# Pardon, gotta vent here: What is wrong with this $2,500.00 1918 Rudge eBay listing?



## atilly (Dec 16, 2021)

Take a look at the 1918 ESTABLISHED. SUPER RARE RUDGE WHITWORTH ebay listing.

Then see what else you can find that is just plain *wrong*.

Where in tarnation are the pump, reflectors, & basket that are listed?
It is _not_ Vintage but ANTIQUE you say?
Drum brakes... Really!
The Whitworth "model"? 
Yeah, you are right, I should just relax.


----------



## schwinnderella (Dec 16, 2021)

only $270.00 shipping


----------



## Freqman1 (Dec 16, 2021)

I’m pretty sure this is being sold by the Edgewater, NJ village idiot!


----------



## GTs58 (Dec 16, 2021)

That was listed before, maybe a year ago. Then it was listed here on the Cabe if I'm not mistaken, and that person was soon banned from the Cabe. The bike was located in two different states so it's been involved in someone's scam. The description is badly composed or translated so that's one red flag.  
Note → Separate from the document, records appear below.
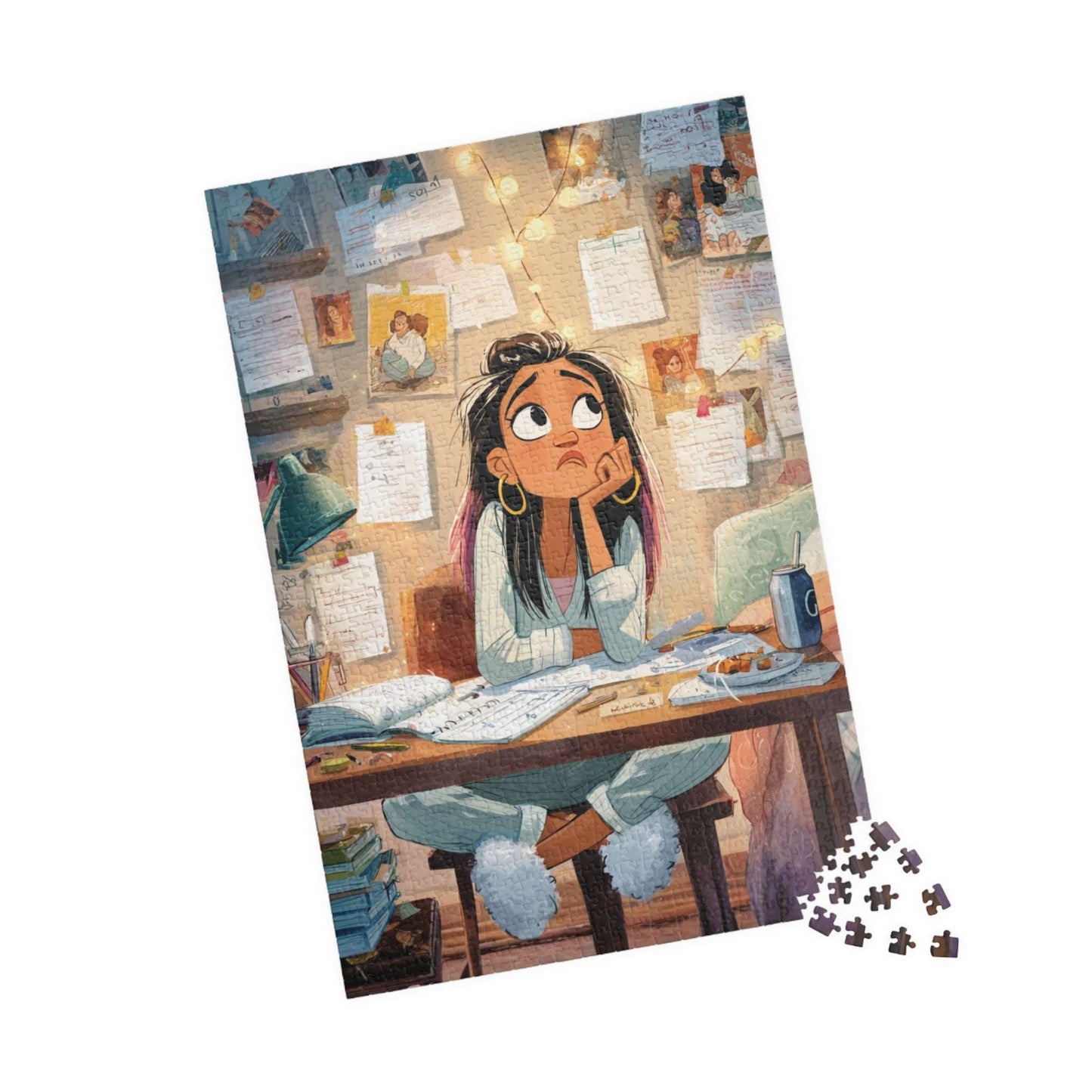Funny Homework Cartoon Puzzle - Watercolor Jigsaw Game, Teen Girl Struggling at Desk 1014 pcs (Vertical) Puzzle The Puzzle Chest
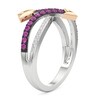 Thumbnail Image 2 of Pink and White Lab-Created Sapphire Arrow Crossover Ring in Sterling Silver and 14K Gold Plate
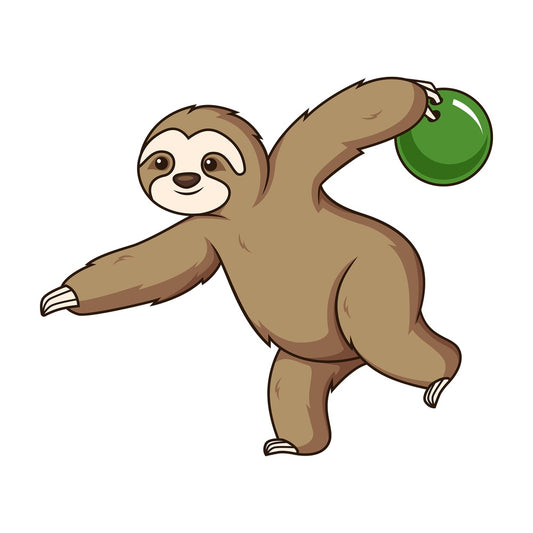 Sloth bowling. PNG - JPG and vector EPS file formats (infinitely scalable). Image isolated on transparent background.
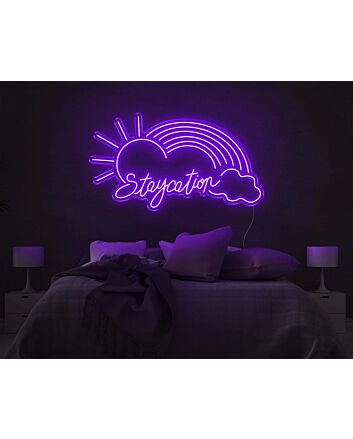 Staycation Rainbow LED Neon Sign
And this cracks me up! Buy his like new one hundred dollar bill for only $280! 

https://www.ebay.com/itm/292717292028?campid=5335809022


----------



## Frank and Pam Skid Kings (Dec 16, 2021)

The dealer decal says established 1918, so why the doubt about it's age ?


----------



## dnc1 (Dec 17, 2021)

GTs58 said:


> That was listed before, maybe a year ago. Then it was listed here on the Cabe if I'm not mistaken, and that person was soon banned from the Cabe. The bike was located in two different states so it's been involved in someone's scam. The description is badly composed or translated so that's one red flag.
> 
> And this cracks me up! Buy his like new one hundred dollar bill for only $280!
> 
> https://www.ebay.com/itm/292717292028?campid=5335809022



I also like his 70's plaid 'disco' pants, I could cut quite a dash wearing those!


----------



## Schwinny (Dec 17, 2021)

Well, we may be in on the ground floor of the next boom in bicycles. It seems these old UK Sweeties have appreciated a lot in the last few days...
I know there's a thread for this but it fits in this conversation also.
This bike was listed in the footer of the OP's post.
I only wish this were true. I know where at least 10 of these types are for pennies, they might even give them away.
I've got to find the rare one though, 1918 / 2030 and all that...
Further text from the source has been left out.